Другими словами, реставрация монархии в России означала бы восстановление традиционного места России в мире и её престижа, восстановление традиционного восприятия себя Российским государством, его чувства укоренённости и устойчивости, ухода от вечного ожидания «революции», наконец, – обретение прочного основания для национального и территориального единства, уходящего в глубь веков.

Несомненно, в вопросе о восстановлении монархии в России есть и подводные камни. Наименее существенный из них тот, который многие считают основным: «Кто?». В самом деле, линия Кирилловичей, как она представлена сегодня, вызывает массу вопросов, недоумений, даже отторжение. В своё время, не без скрипа и политических интриг эту линию Романовых признала Русская Зарубежная Церковь, однако это признание никак не связывает ни РПЦ, ни, тем более, Российское государство.

На деле, с точки зрения формального применения павловского «Закона о престолонаследии», все сегодняшние Романовы имеют серьёзные отягощения для автоматического признания их прав. 

Однако если мы говорим о реставрации династии всерьёз, то следует говорить именно о Романовых – это имя, эта традиция, освящённые временем, на них распространяется сияние Российской империи и память об убитом последнем царе. Любой другой вариант выглядит узурпацией. Но вот выбор конкретной фигуры из имеющихся в наличии Романовых – это вопрос продуманного политического процесса и взвешивания. Сейчас существует весьма представительный «пул» потомков императора Николая I, в том числе и достаточно молодых, способных продолжить фамилию дальше, и нет ничего зазорного в продуманном выборе среди них того, кто в наибольшей степени умственно, нравственно и политически подготовлен для того, чтобы стать русским царём.

Ответить на вопрос: «Кто?» будет не очень сложно. Гораздо сложнее ответить на вопрос: «Как?» – и вот здесь монархический проект и ждут подлинные трудности. Понятно, что сегодняшняя монархия может быть только конституционной, развивающей традиции русской монархии после манифеста 17 октября 1905 года. Понятно, что исполнительная власть должна быть сосредоточена в руках главы правительства, опирающегося на волеизъявление народа. Возможно, даже имя главы правительства будет вноситься в избирательные бюллетени, чтобы не делать посредниками между властью и народом партийные олигархии.

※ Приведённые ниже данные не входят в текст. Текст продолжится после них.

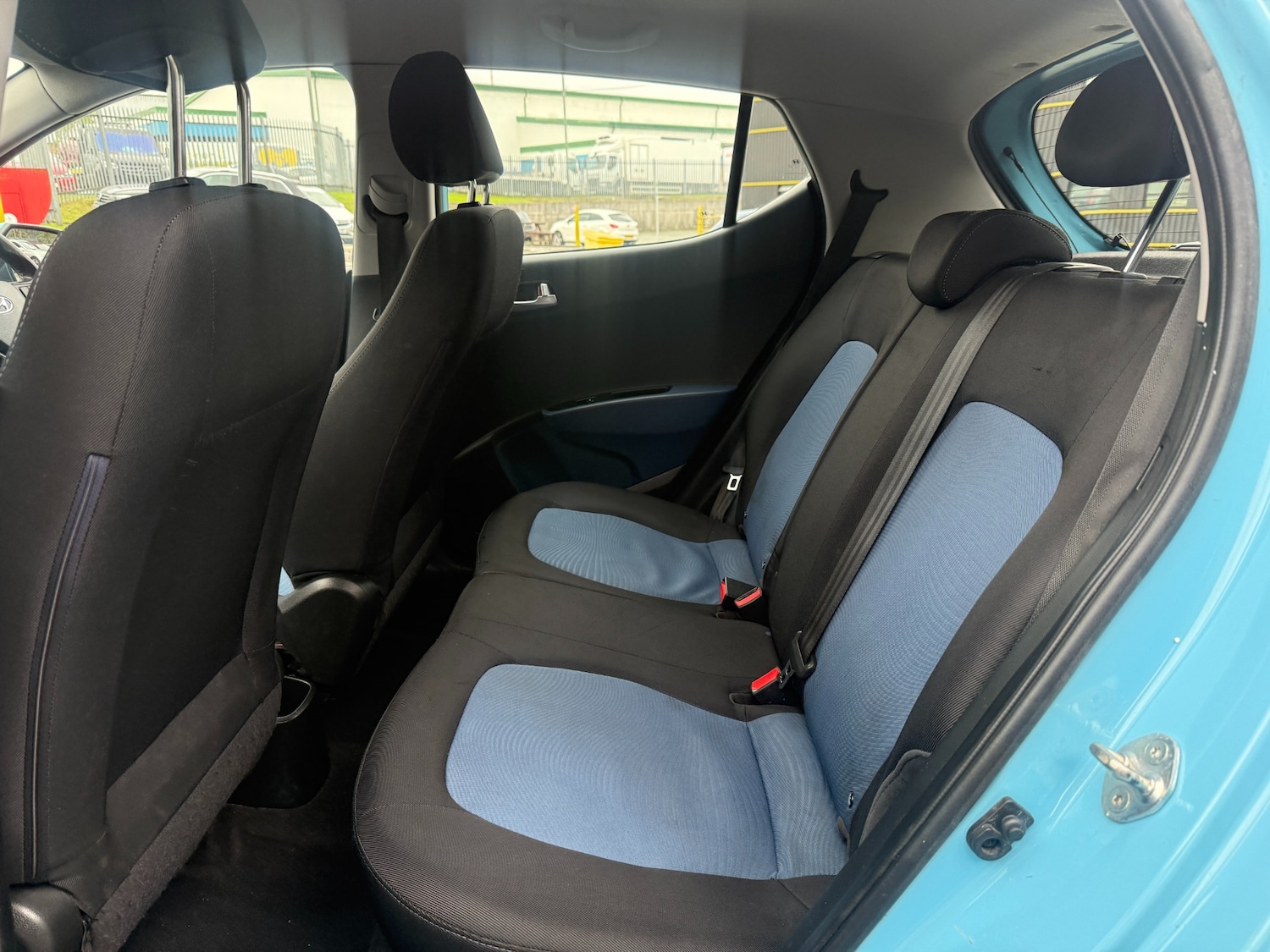 Used Hyundai i10 2014 for sale - 76231493: Photo 10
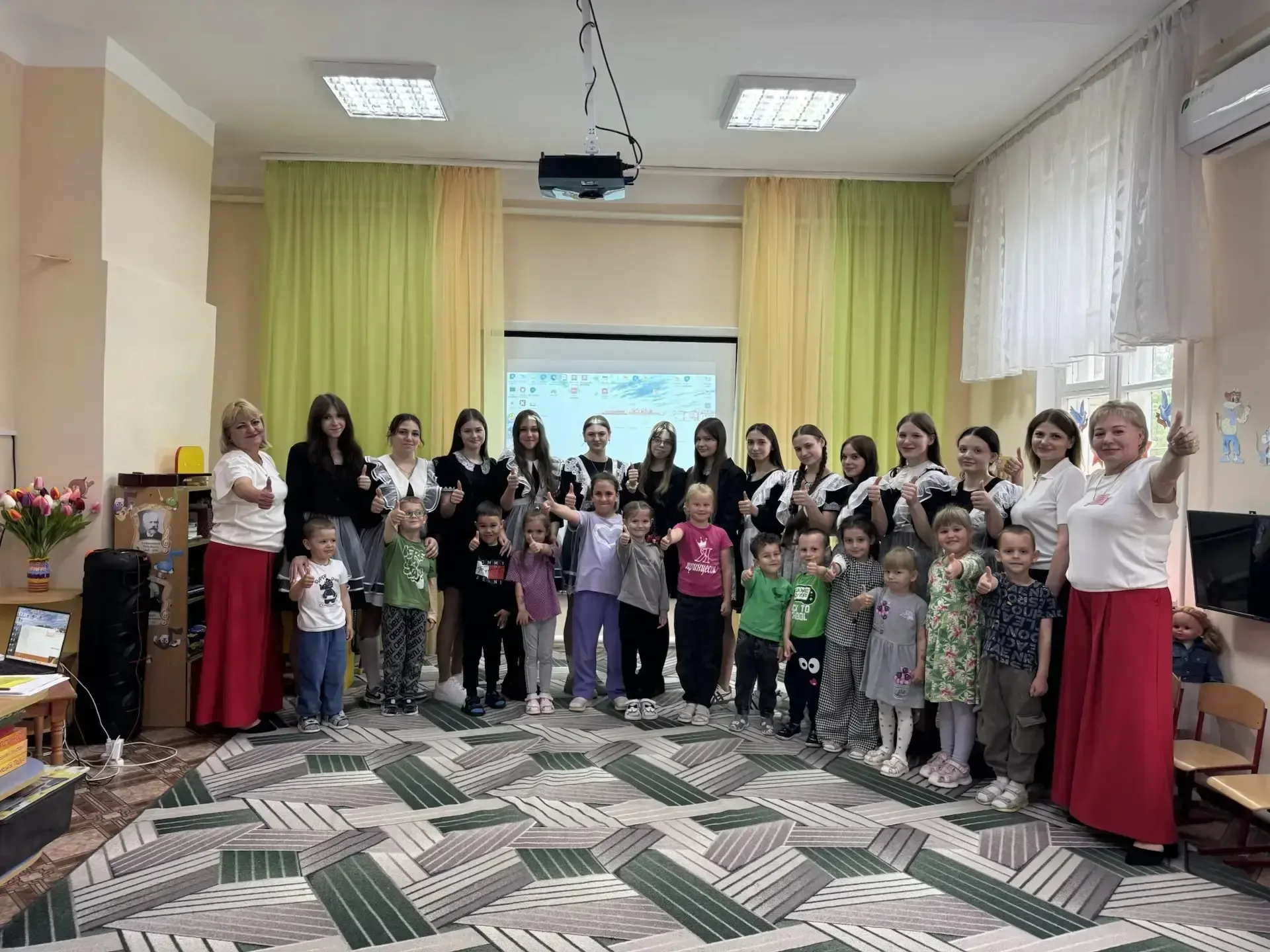Выбор профессии начинается здесь: в гостях у дошкольников👶  Обучающиеся школы № 23 села Раздольное —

Иными словами, речь о восстановлении доманифестного неограниченного самодержавия идти не может. Но что делать с тем, что самодержавие является внутренней формой государственной власти в России? Как бы ни называлось первое лицо – царь, генсек, президент, – всё равно в его руках рано или поздно сосредотачивается полнота власти, он становится центром политической системы. И если бы монархия в России была бы восстановлена, то вопрос о том, кто является реальным «самодержцем», рано или поздно возник бы. Либо это глава исполнительной власти, либо это – монарх, влияние которого вышло бы далеко за отведённые ему конституцией полномочия.

Разумеется, настройка такого баланса возможна, как показал опыт тех же британцев, где королевская власть имеет огромный авторитет при сосредоточении всей формальной власти в руках кабинета. 

Однако там такое отлаживание потребовало сотен лет. В России же велика опасность каждого крена на повороте, и это, конечно, изрядно расхолаживает при переходе разговоров о реставрации монархии из плоскости мечты в реальный политический проект.

Подлинные проблемы для российского монархизма создаёт не его слабость, а как раз его сила – для реальной политической реализации в современных условиях монархия воспринимается у нас многими слишком серьёзно, эмоционально и даже мистически. И в сегодняшнем циничном мире это содержит известные риски. Потому что одно дело, если император будет появляться на церемониях, произносить серьёзные речи, напоминать о тысячелетней русской истории. Другое – если к нему, как к последней надежде, будут бросаться в ноженьки отставляемые губернаторы. В плане практической политики сегодня Россия к реставрации монархии и в самом деле не готова.

Но любые политические системы меняются, и, кто знает, однажды монархия может показаться нам наименее рискованным вариантом политического будущего. И держать в уме эту возможность не помешает.